Once we use MSSegmentAttr::Kind, we collapse these Sema actions down to ActOnPragmaMSSegment() and make the kind a parameter.

rsmith added inline comments.Mar 26 2014, 6:00 PM
lib/Parse/ParsePragma.cpp
438

It's strange to use PP.Lex here -- in the parser you should generally be using ConsumeToken instead. If you're trying to avoid updating PrevTokLocation (which seems like a good idea, since pragma tokens aren't tokens in the usual sense), you're not doing enough, because BalancedDelimiterTracker and ParseStringLiteralExpression will update it. Maybe save and restore it on entry to/exit from this function, and use ConsumeToken here?

485

Don't call this unless isTokenStringLiteral(), or it'll assert.

487

In this case, a diagnostic will already have been produced. (Generally speaking, when a function returns you an invalid *Result or a function returning bool on error returns true, that indicates that it has already produced a diagnostic.)

490–493

This would fit better in the ActOn... functions. Generally, we try to avoid the parser inspecting AST nodes.

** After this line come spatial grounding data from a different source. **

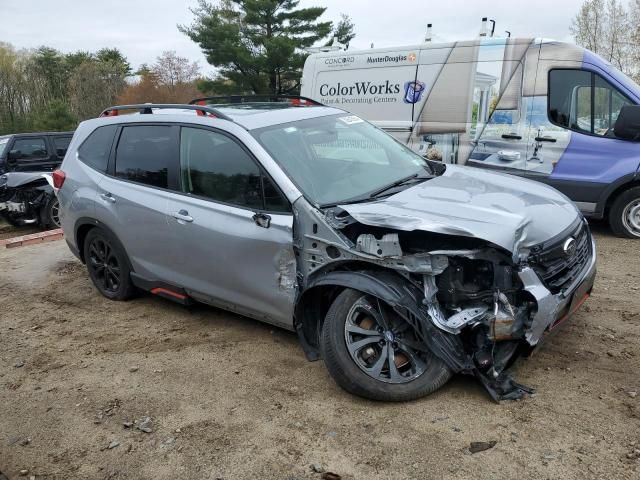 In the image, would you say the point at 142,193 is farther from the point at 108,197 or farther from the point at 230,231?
the point at 230,231

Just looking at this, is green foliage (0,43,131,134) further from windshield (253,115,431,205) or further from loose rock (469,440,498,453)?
loose rock (469,440,498,453)

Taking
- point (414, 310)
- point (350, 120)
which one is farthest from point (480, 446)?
point (350, 120)

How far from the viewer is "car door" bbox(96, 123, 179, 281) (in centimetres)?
434

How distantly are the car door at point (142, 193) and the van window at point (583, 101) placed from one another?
4.63 metres

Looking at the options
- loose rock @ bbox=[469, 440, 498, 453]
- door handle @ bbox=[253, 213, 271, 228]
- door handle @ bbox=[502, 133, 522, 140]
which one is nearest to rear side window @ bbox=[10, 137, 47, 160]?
door handle @ bbox=[502, 133, 522, 140]

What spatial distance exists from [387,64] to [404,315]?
5507 millimetres

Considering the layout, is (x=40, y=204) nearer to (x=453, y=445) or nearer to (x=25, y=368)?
(x=25, y=368)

whunt updated this revision to Unknown Object (????).Apr 2 2014, 6:21 PM

A major overhaul. The patch now considers attribute((section())), declspec(allocate()) and #pragma section. I've also added gcc style diagnostics for section conflicts (a behavior clang lacked for attribute__((section()))). I've added test cases for both Sema and CodeGen. The CodeGen test case reuses an old file-name and moves its contents to a more appropriately named test.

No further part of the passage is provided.